It was invisible to me for many years. The first glimpse I remember was teaching a class on children’s fiction. A boy in the class attacked a girl’s writing about the death of her puppy as worthless. His critique had no basis in her language or imagery. He condemned it simply because she was female – to the gleeful laughter of the other boys in the room. I was stunned both at the viciousness of an 9-year-old in invoking patriarchy in this way as well as the ready participation of the other boys in this ritual. Worse, the girl who was the target did not have the psychological tools to respond to the attack on a work in which she had invested considerable intellectual and emotional effort. Worst of all, the other girls in the room drew back from the conversation and became unwilling to share their own creativity. The respectful safety of the classroom had been suspended, and, as a teacher, I was unprepared to restore it immediately.
It took weeks of redesigning the curriculum and daily lesson plans towards a workshop style to restore any possibility of general student participation. The overall culture of engagement and improvement never fully recovered. Over the two decades since that day, none of my subsequent classes have had a similar breach. Any hint of derogation earns immediate correction and affected students have the opportunity to respond on their own terms. In the best cases, students who proudly celebrated reenactments of gendered violence have been held accountable by both women and men who share a commitment to lives that heal and affirm. Even public protests have taken root to empower whole communities to stand together in spite of institutional abuses.

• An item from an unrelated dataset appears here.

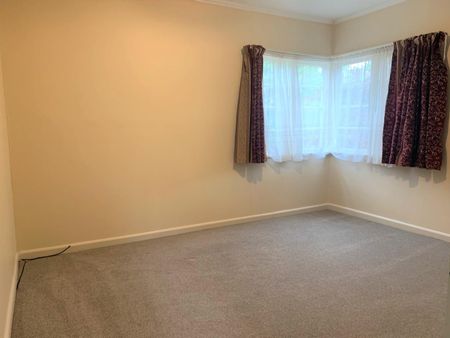 Warm 2 Bedroom + Office Home with extra Rumpus/Hobby Space - Photo 2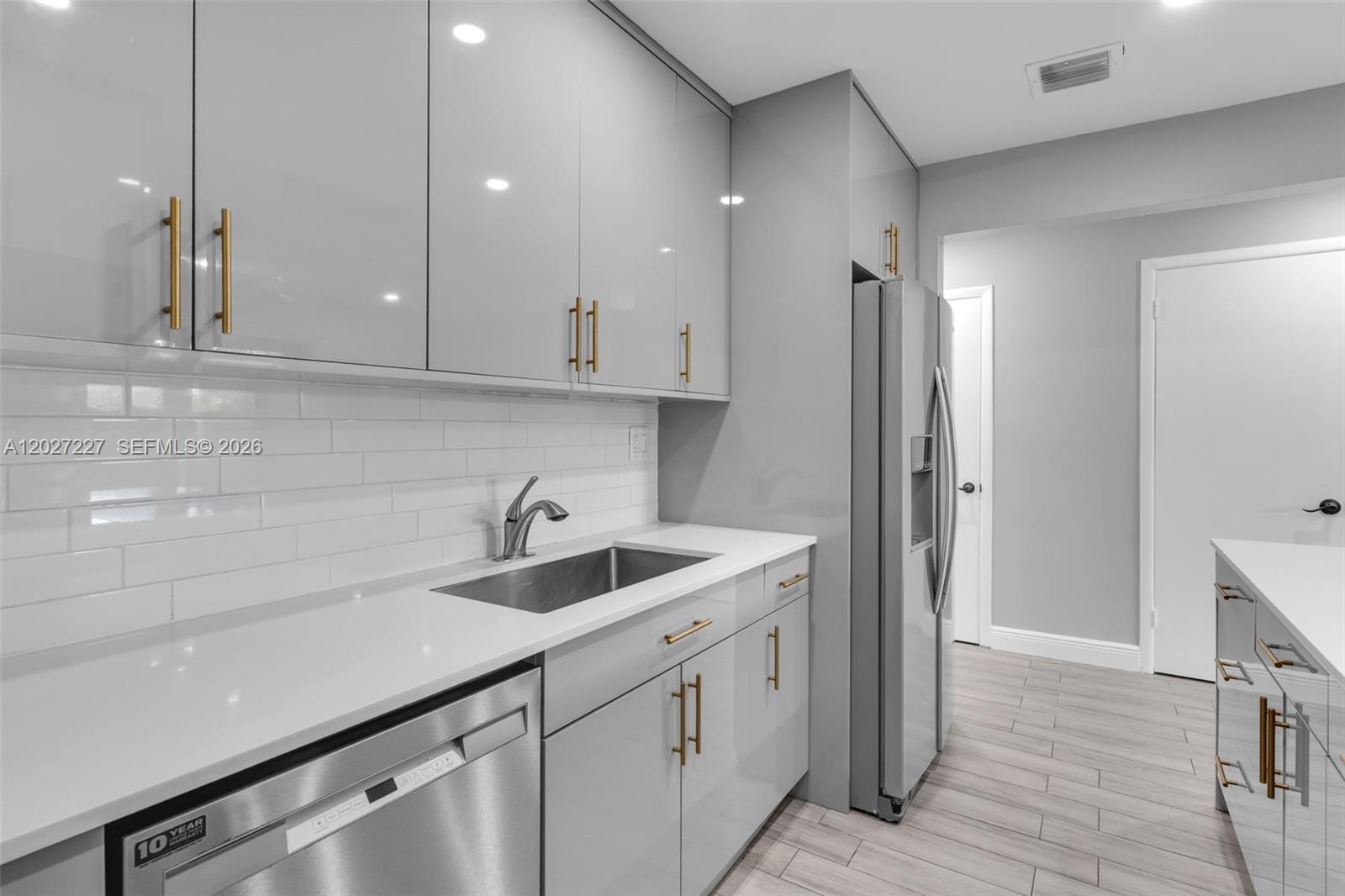 Property photo # 7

Yet the privileges of patriarchy remain resilient. I am still a man, teaching history and economics, in a national framework that recognizes my work and accomplishments ahead of too many of my women colleagues. So, in this Women’s History Month, it is time to name the names of the professional women who inspire me, who break down barriers daily, and who make the world safer for absolute human dignity. From historic figures like Ella Baker to future world leaders like Sophie Viale, this month is yours. And it is only the beginning. The problem of the twenty-first century is the problem of the gender line, as it has been for eons. This moment is ours to stand for true justice.
Dr. Walter Greason is the Chief Executive Officer of the International Center for Metropolitan Growth and the author of Suburban Erasure: How the Suburbs Ended the Civil Rights Movement in New Jersey. His work is available on Twitter, LinkedIn, Facebook, and by email (firstname.lastname@example.org).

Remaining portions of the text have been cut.